§ Given records:
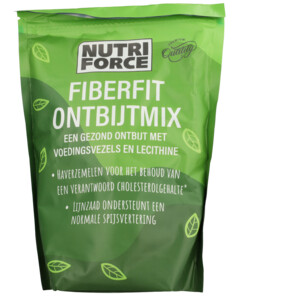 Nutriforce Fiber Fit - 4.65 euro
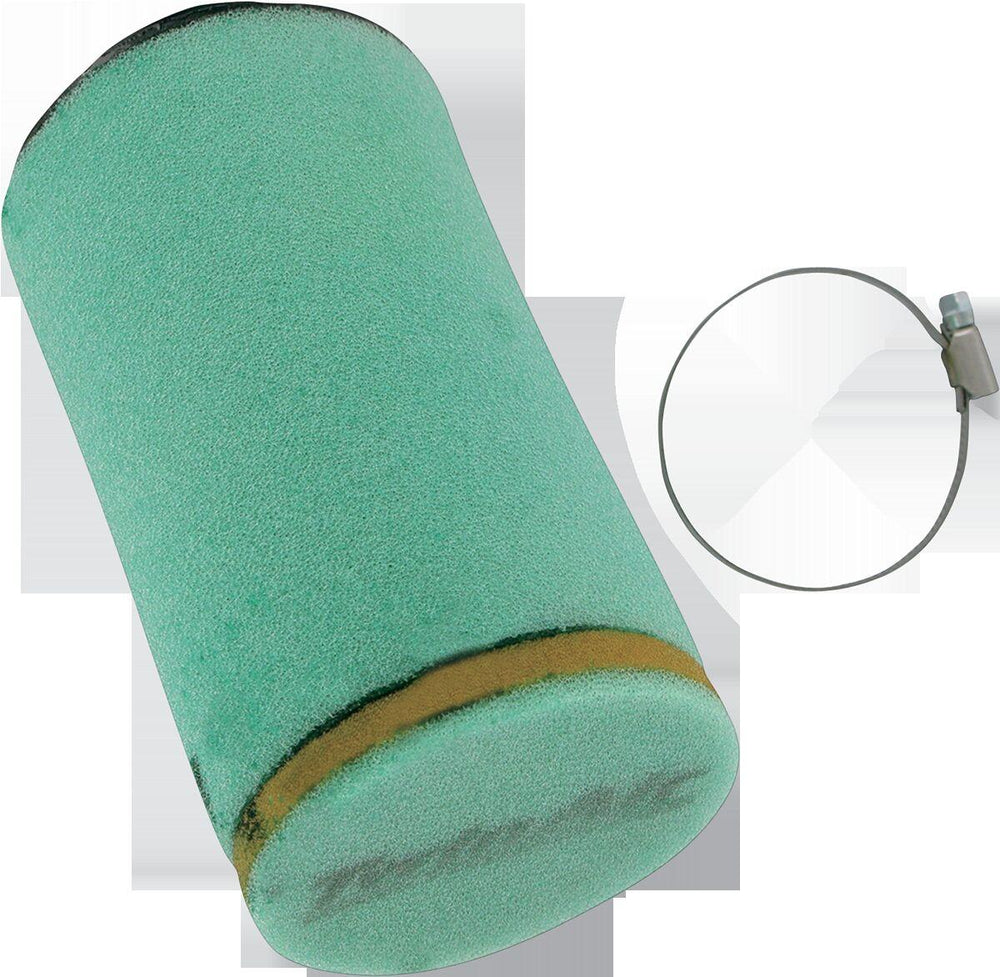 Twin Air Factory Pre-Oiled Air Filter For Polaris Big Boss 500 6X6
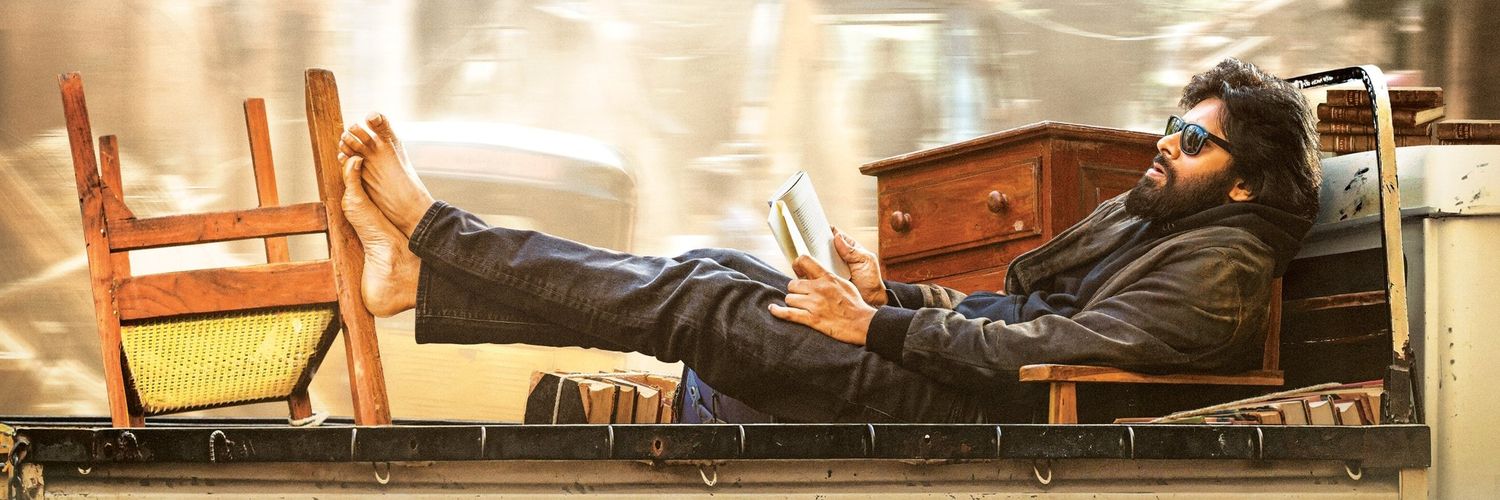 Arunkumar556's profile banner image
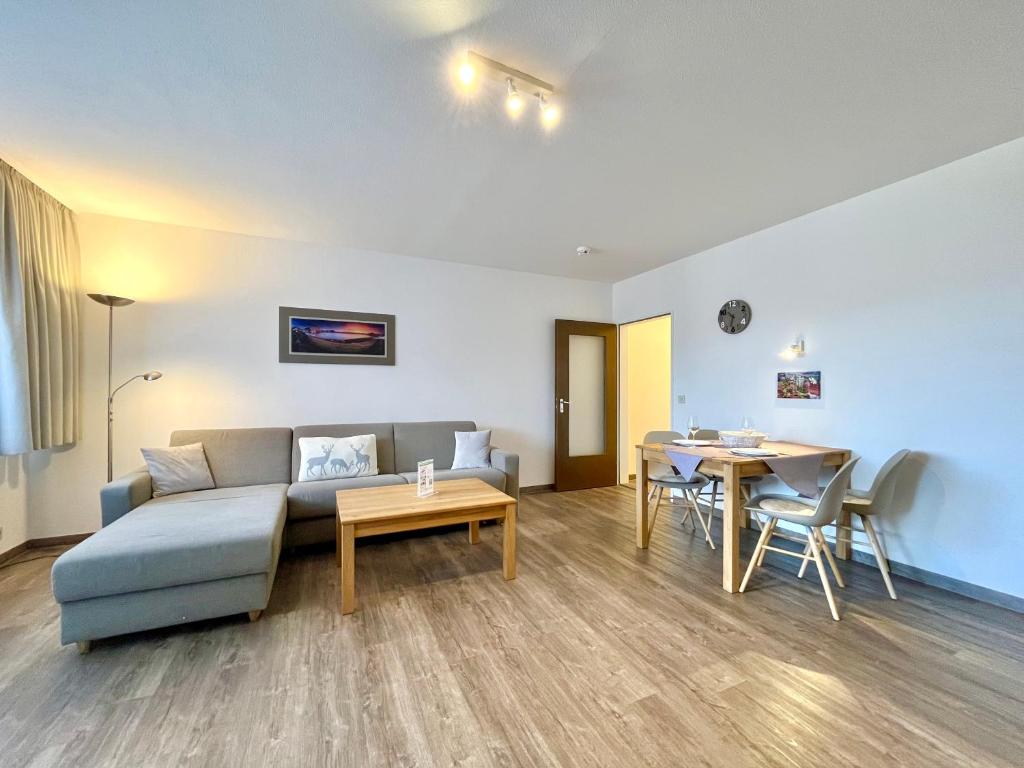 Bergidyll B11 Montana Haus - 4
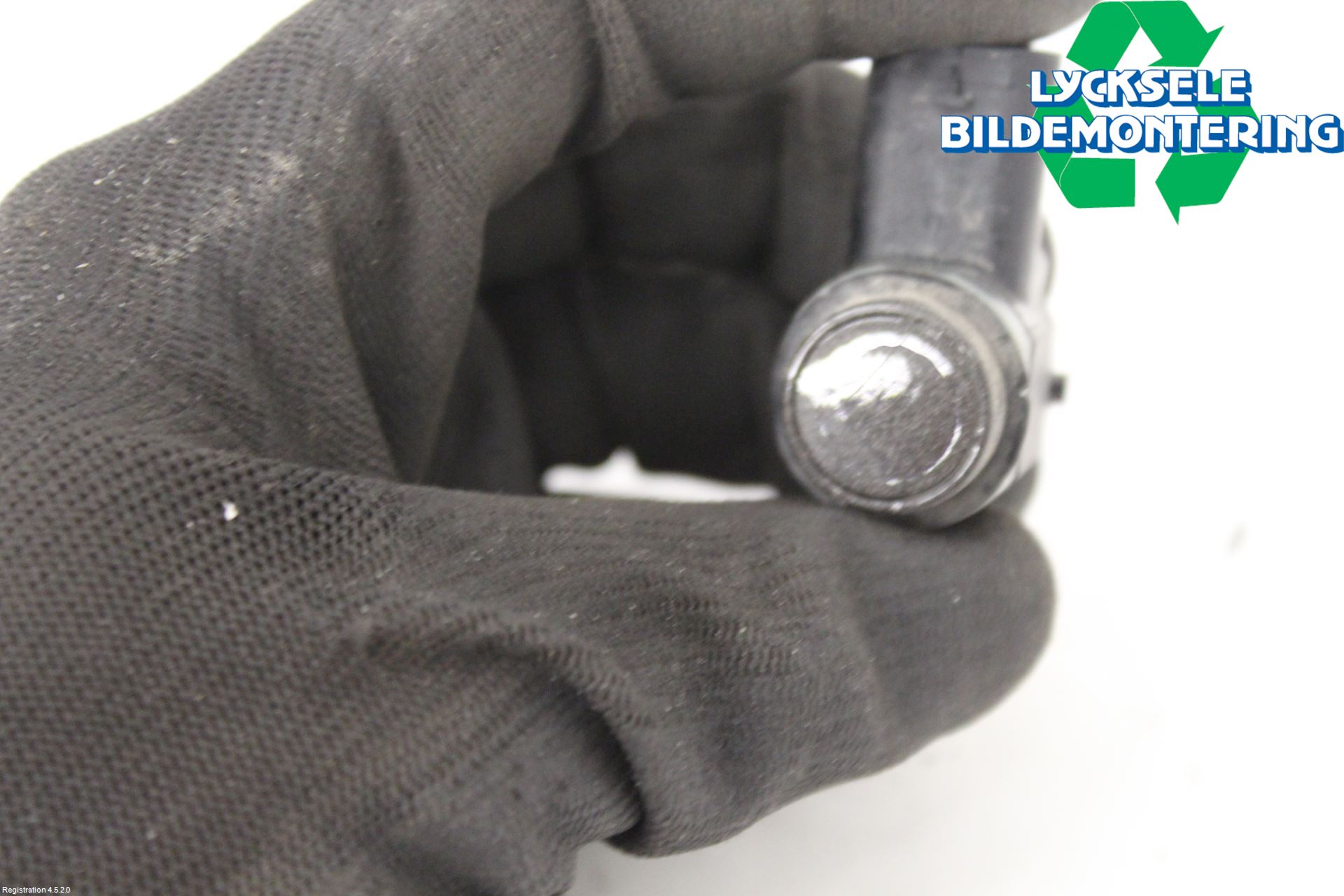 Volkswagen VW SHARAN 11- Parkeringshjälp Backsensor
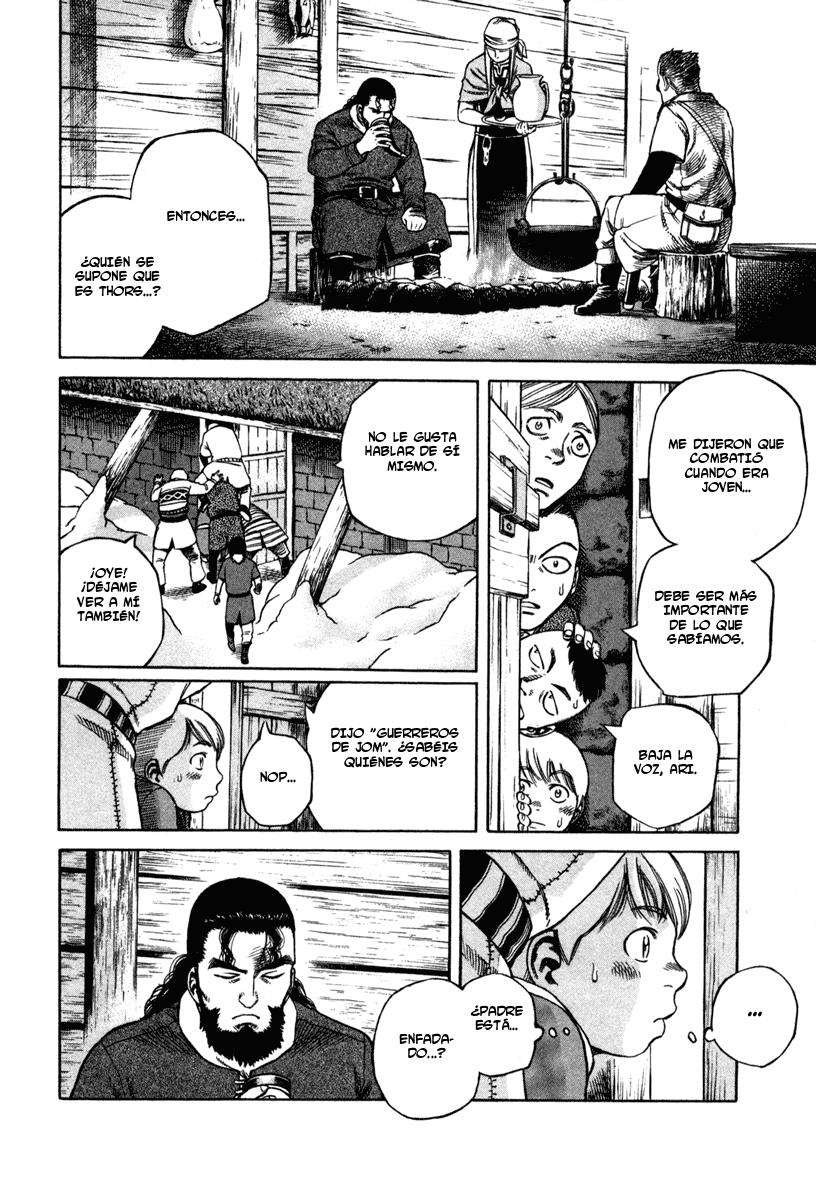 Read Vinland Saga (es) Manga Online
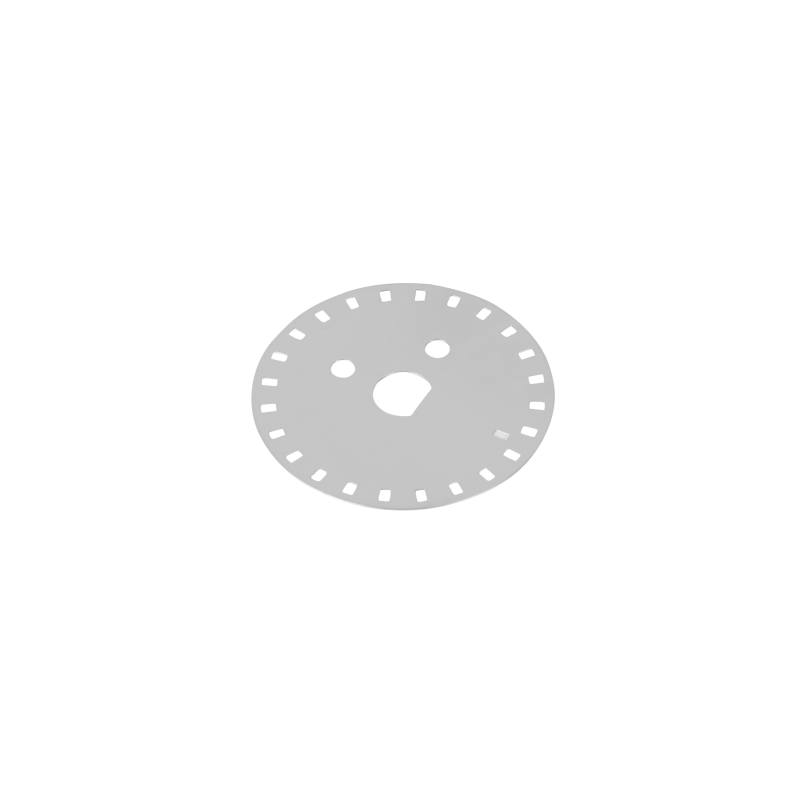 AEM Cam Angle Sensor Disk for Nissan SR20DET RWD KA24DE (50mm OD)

§ What you have to do: Please retype all of the material exactly, skipping whatever images it holds.

§ Solution for this problem:
 Nutriforce Fiber Fit - 4.65 euro
 Twin Air Factory Pre-Oiled Air Filter For Polaris Big Boss 500 6X6
 Arunkumar556's profile banner image
 Bergidyll B11 Montana Haus - 4
 Volkswagen VW SHARAN 11- Parkeringshjälp Backsensor
 Read Vinland Saga (es) Manga Online
 AEM Cam Angle Sensor Disk for Nissan SR20DET RWD KA24DE (50mm OD)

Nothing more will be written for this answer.